MARGARET BRENNAN: So this package of $45 billion from the last Congress should take you through next year, according to some officials, U.S. officials. When President Solinsky was here in Washington, on that surprise visit, he did meet with Kevin McCarthy, who is now Speaker of the House. Did you get assurances that U.S. support will continue with Republicans in control?

AMB. MARKAROVA: We are fighting for the same values and for the same principles. We are fighting against the evil, which is a threat not only to Ukraine, it's existential threat for us. But it's a threat to everyone who believes in democracy. And I can say that our meetings during the President's visit here, both with President administration, but also with all leaders in Senate and House of Representatives on a very strong bipartisan basis have been very constructive and very productive. I believe American people support us and will support us until we together can win this.

MARGARET BRENNAN: When the President was, when President Zelenskyy was here, he said financial assistance is "not charity, it's an investment." And he said Ukraine will be responsible with it. But given the concerns about corruption over the years past, how do you respond when you were asked that question of how do you guarantee every dollar being given to Ukraine is going to defense and not to, you know, embezzlement or something else?

AMB. MARKAROVA: I can only quote Senator King, who was just here. First on, there are three types of assistances, right? Budget assistance, security and humanitarian. On security, we're not getting the money, we're getting the goods and we're very grateful for them. And the accountability for every piece that we're getting is there. We're not only sharing information, we're implementing NATO systems in place, and we're ready and already providing information and we know where every cent is located.
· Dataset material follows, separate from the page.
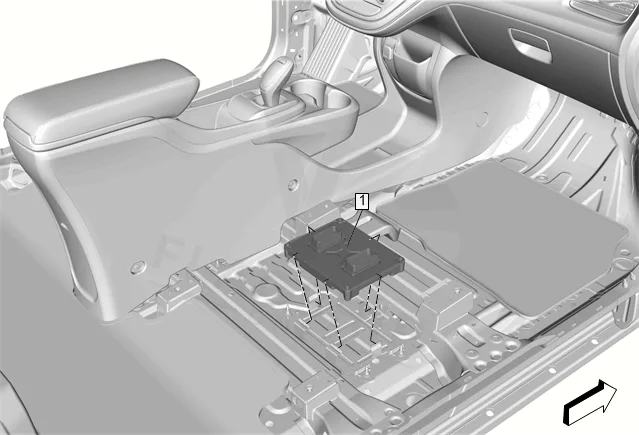 2018 Chevrolet Bolt EV PCM location diagram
On the budget assistance, we have reported on all assistance that has been provided to us. There is an audit underway. But we have also sent- I mean it's very clear where we're spending the money on and our Ministry of Finance has reported even before the audit is complete, and I have shared that report with every member of the previous Congress, and we intend to do so, in the future. The Inspector Generals are involved already from pentagon, but from other, from Department of State from Treasury, so we are not only open and ready, it's in our interest as well, in order to prove why we need more and that we're using it very effectively and efficiently. We are- we would like to be as open as possible. Every U.S. dollar that is given to us. We're putting it to good use, and we're using it as an investment into our joint fight for democracy.
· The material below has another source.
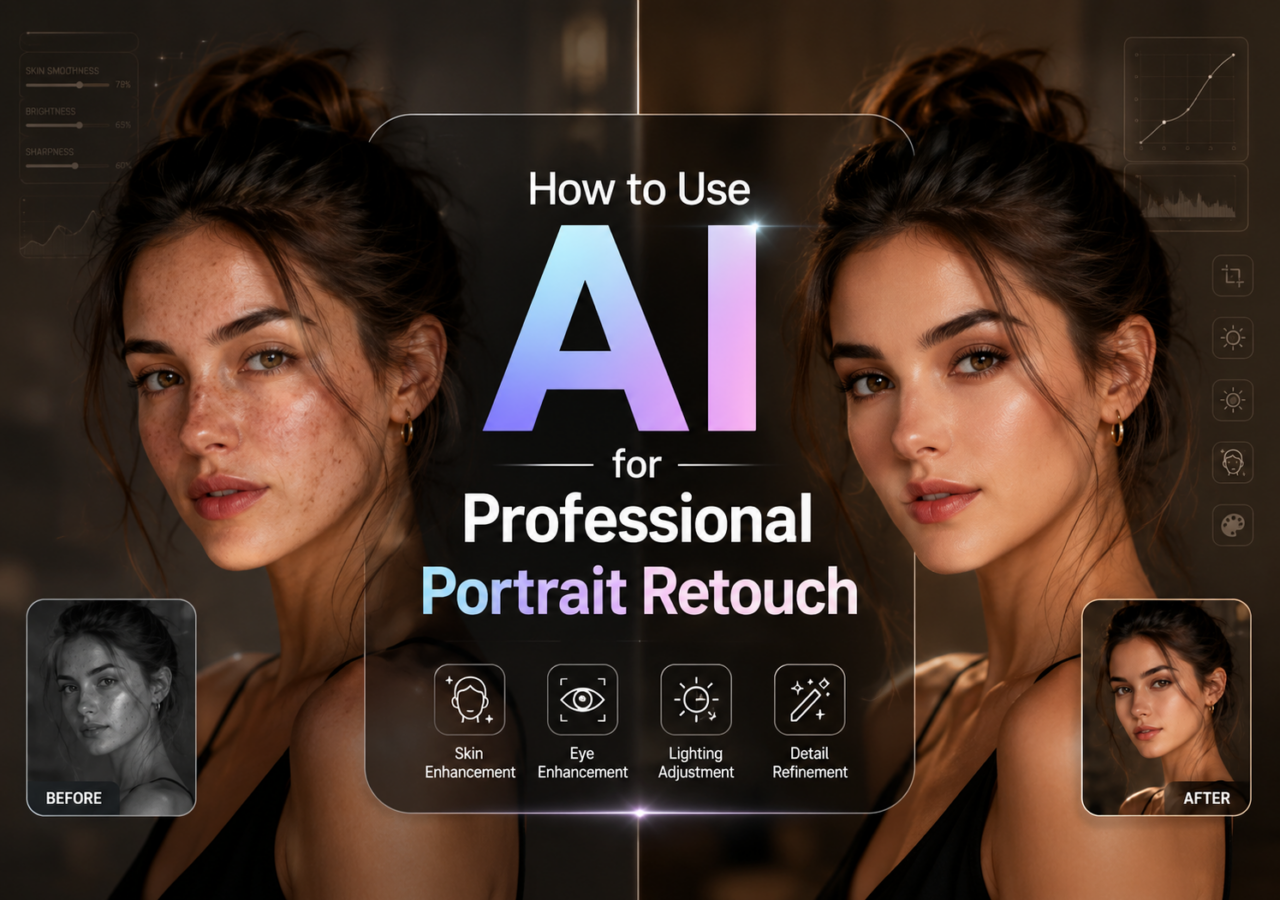 How to Use AI for Professional Portrait Retouch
MARGARET BRENNAN: I want to ask you about something we've talked about in the past, and that is what's happening to Ukraine's children. More than 13,000 were deported to Russia. Are you having any luck in getting your children back?

AMB. MARKAROVA: Well, first, unfortunately, we know the number is much larger than that. The 13,000 is the official number of the children we accounted for; we found. But we know that we already have so many, you know, tens if not hundreds of thousands of people who we don't know their fate yet. And until we liberate our territories, we will not know, out of the 13,000 the Vice Prime Minister already informed that 212 have been returned.* 212 is of course a small number even though unlike Russians, every child and every life is very precious to us. So we're so happy that this 212 are home, but we will not get tired and we will not stop until all of them are back home. That's why we need more weapons to liberate our territories and people.

MARGARET BRENNAN: Ambassador, we'll continue to follow the story and talk to you. Thank you. We have to go and we'll be right back.

*Editor's note: A spokesperson for Markarova later told CBS News that the correct number of missing children who have been returned to Ukraine is 125, not 212.